BAGHDAD: Iraqi security authorities have revealed a “most wanted” list of people involved in terrorism in the country over the the past 14 years.
The list seen by Arab News on Sunday includes about 60 names, mostly of senior aides of the former Iraqi president Saddam Hussein, his family members and top Daesh and Al-Qaeda leaders.
Among the most prominent names are Saddam’s daughter, Raghad Saddam Hussien, and his nephews, Omar and Ayman Saba’awi, and Ahmed Wattban Ibrahim Al-Hassan. Saddam’s cousin, Rafei’a Abdulatief Telfah, is also included.
While some of the names are already on a US wanted list for 55 Saddam-era officials, the Iraqi list provides allegations that show how far leaders from the banned Ba’ath Party have been involved with militant groups operating in Iraq since the 2003 downfall of Saddam’s regime.
The Iraqi list links the Ba’ath officials to the Army of Muhammad, the Naqshbandi Army, the Army of Mujahideen, Al-AUssra Army, Al-Qaeda and Daesh.
The lists also included the names of many Ba’athist leaders who managed to maintain and run the party’s work after the fall of Saddam in 2003 from outside Iraq. The leaders set up fixed and mobile cells in Syria, Yemen, Egypt, Jordan and Qatar, while others have been commanding armed groups fighting inside Iraq.

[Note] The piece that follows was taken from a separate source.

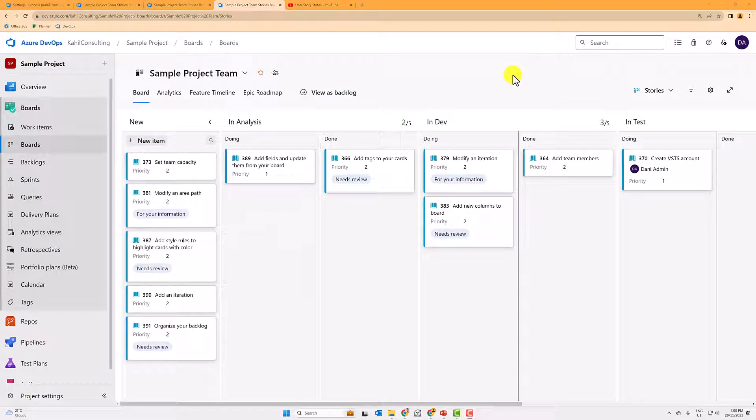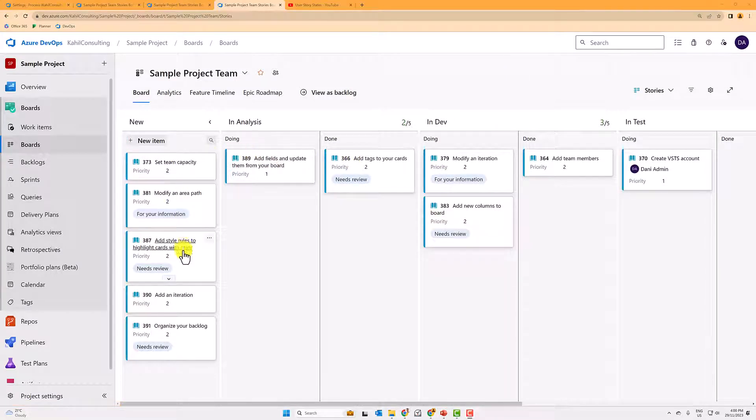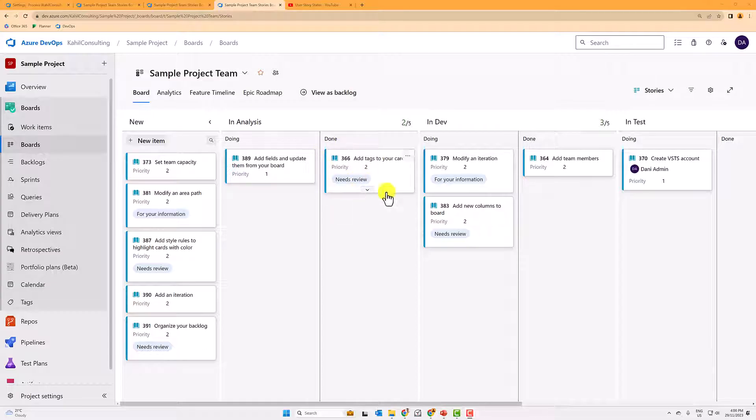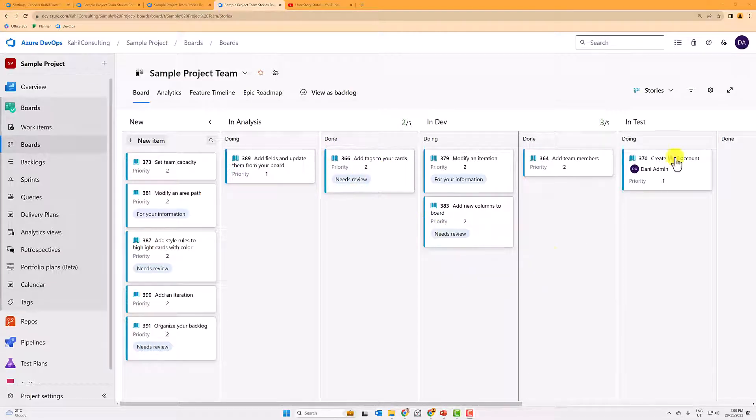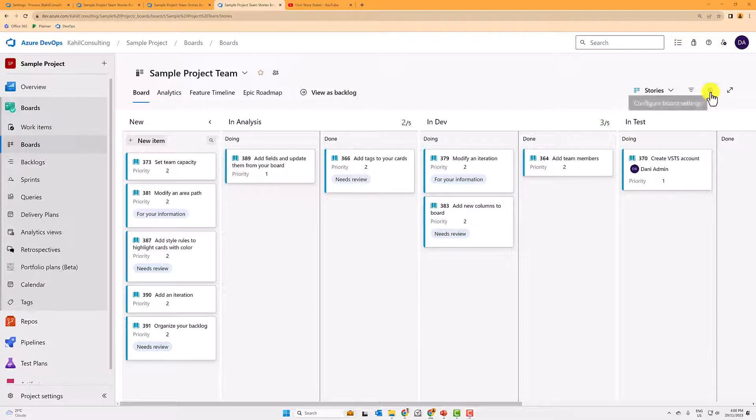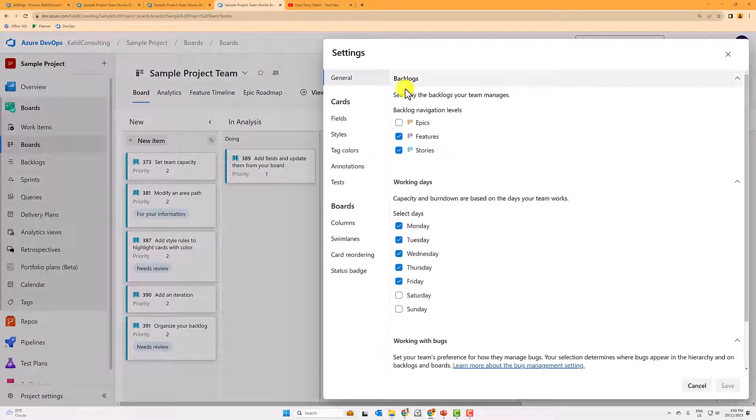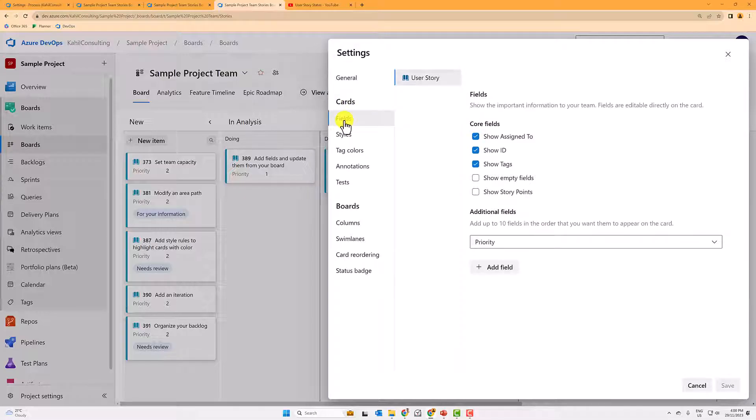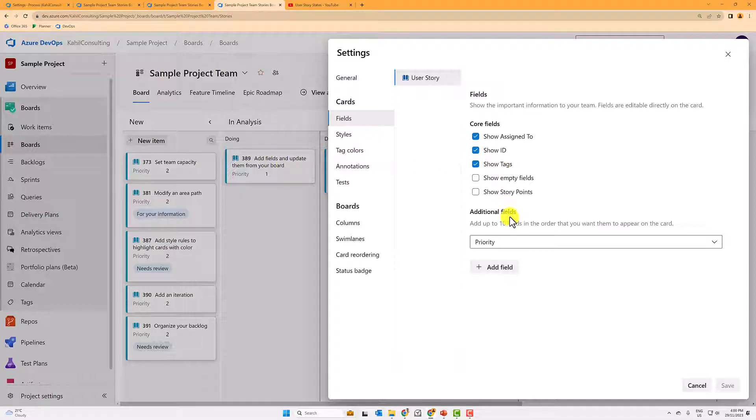Another tip that I found useful is additional information on those cards. So for example, I want to see what is the parent, or when was that card modified. So you can easily do that by tweaking again the layout of those user stories. So you would have to go to, under the cards, to fields.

A senior Iraqi intelligence official told Arab News that the names on the list are the “leaders of the terrorism organizations” and “all who run terrorism in Iraq.”
“We sent copies of these lists to Interpol and the UN.”
Iraq has faced serious security problems since 2003 when a the US-led an international military coalition invasion of Iraq and toppled Saddam.
Dozens of radical armed groups were raised specifically in the Sunni areas in the north and western parts of the country in addition to Baghdad.
Daesh, which seized almost a third of Iraqi territory in the summer of 2014, had its roots in these groups.
The wanted list details accusations against senior Ba’athists and Saddam family members over their involvement in the militant groups. They include incitement, mobilization, financing and leadership.
Accusations against a second level of Ba’athists said they were involved directly in terrorist activities, such as planting IEDs, launching rockets, running armed cells and providing facilities for armed groups to operate.
There has been previous evidence that the Ba’ath party had been deeply involved in aiding militant extremist groups in Iraq since 2003.
Ezzat Al-Douri, Saddam’s top aide, who replaced him as Ba’ath party leader, formed the Army of the Men of the Naqshbandi Order, which fought alongside Daesh in Mosul in 2014.
An eight month investigation by the Parliamentary Committee of Security and Defense in 2015 found that Daesh could not have succeeded in taking Iraq’s second most populous city, without the help of local officials — mainly former Ba’athists and former army officers loyal to Saddam.